Several developments in Ontario securities law, taken together, have the potential to substantially increase the exposure of directors and officers to personal liability. These are:
- proposed Multilateral Instrument 52-109 - Certification of Disclosure in Companies' Annual and Interim Filings (Canada's response to the US Sarbanes-Oxley Act);
- Part XXIII.1 of the Securities Act entitled Civil Liability for Secondary Market Disclosure, which, when proclaimed, will, for the first time in Canada, create a civil right of action for damages for, and deemed reliance on, misrepresentations in continuous disclosure documents; and
- the Class Proceedings Act which provides for the certification of class actions.
The recent decision of the Ontario Securities Commission involving YBM Magnex International may exacerbate the problem.
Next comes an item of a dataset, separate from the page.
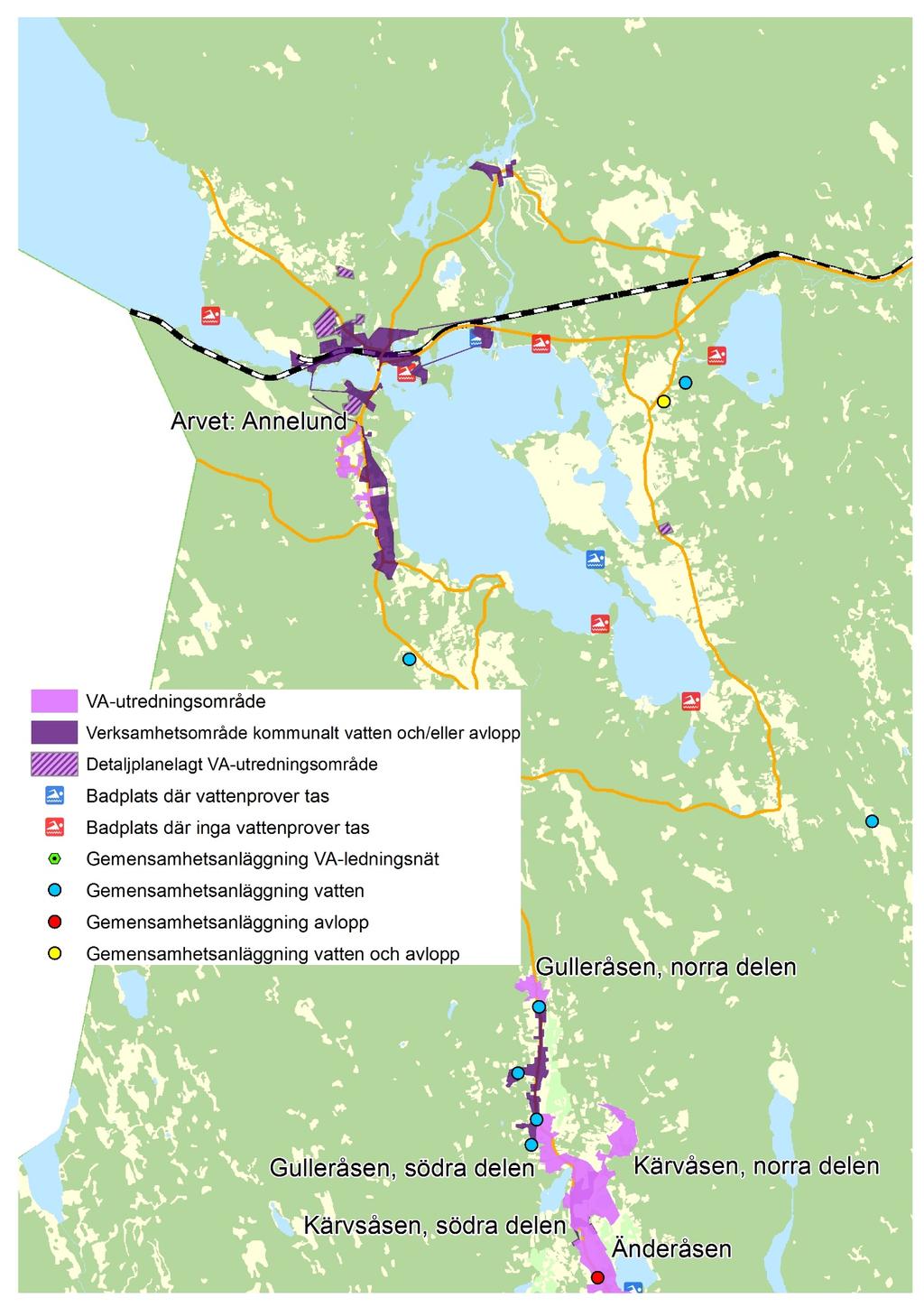 Föreslagna VA-utredningsområden i den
The Commission applied a subjective, rather than an objective standard in determining the availability of each director's and officer's due diligence defence.
Individually, each of the developments is a reasonable response to a perceived shortcoming in securities regulation or Ontario's legal system. Together they provide all the ingredients to create a storm of personal liability for directors and officers. This is because the plaintiffs' bar is confident it can draft statements of claim that will obtain class certification. It is also confident that, once the class is certified, statutory defences and other protective measures, such as liability limits, will become largely irrelevant as the process changes to extracting the maximum settlement the defendants will bear to end the litigation.
It will be difficult for directors to make the necessary judgments until they, and their legal advisers, know more about just how extensive their liability could be. One hopes that the current high level of uncertainty will not be too great a disincentive to capable individuals serving as directors and officers of Canadian pubic companies.